= DATA EXCERPT =

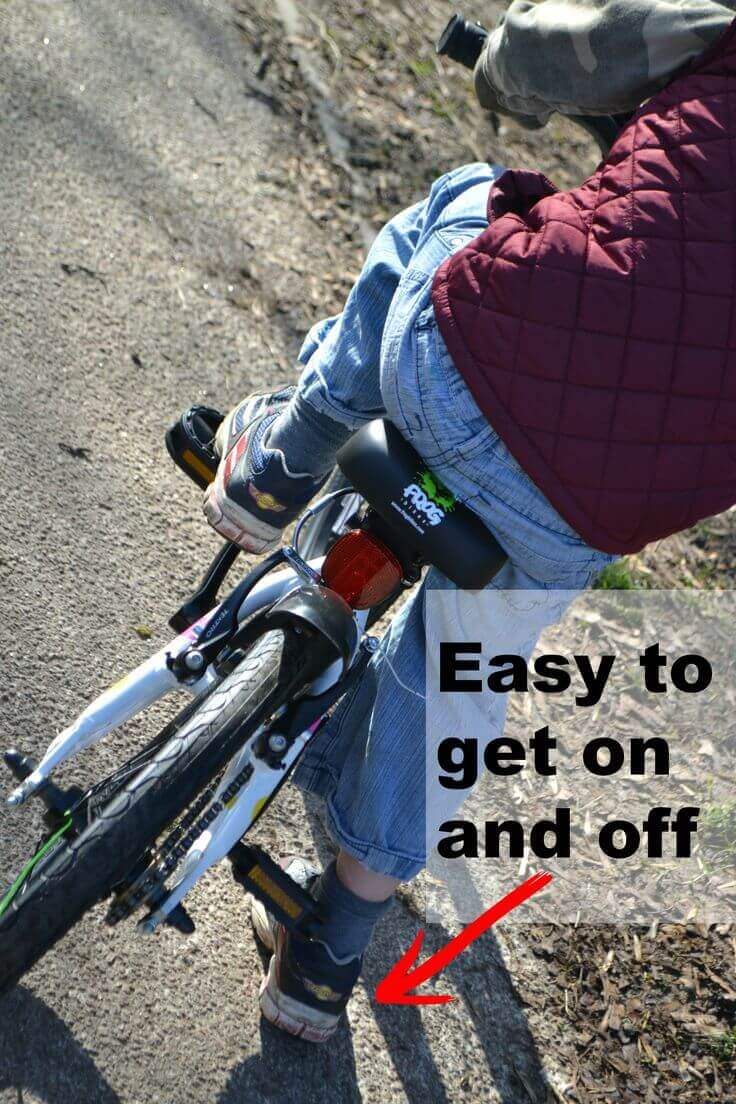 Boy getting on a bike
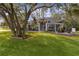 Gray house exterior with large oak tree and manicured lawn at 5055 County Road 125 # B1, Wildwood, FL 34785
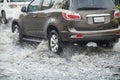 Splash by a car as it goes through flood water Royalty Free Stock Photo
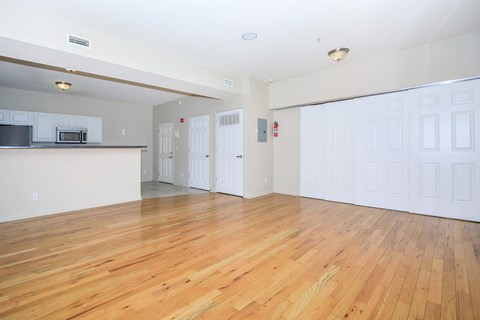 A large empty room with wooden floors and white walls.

= WORK TO COMPLETE =
Only the pictures are to be left out; write out all the other data exactly.

= EXERCISE RESPONSE =
 Boy getting on a bike
 Gray house exterior with large oak tree and manicured lawn at 5055 County Road 125 # B1, Wildwood, FL 34785
 Splash by a car as it goes through flood water Royalty Free Stock Photo
 A large empty room with wooden floors and white walls.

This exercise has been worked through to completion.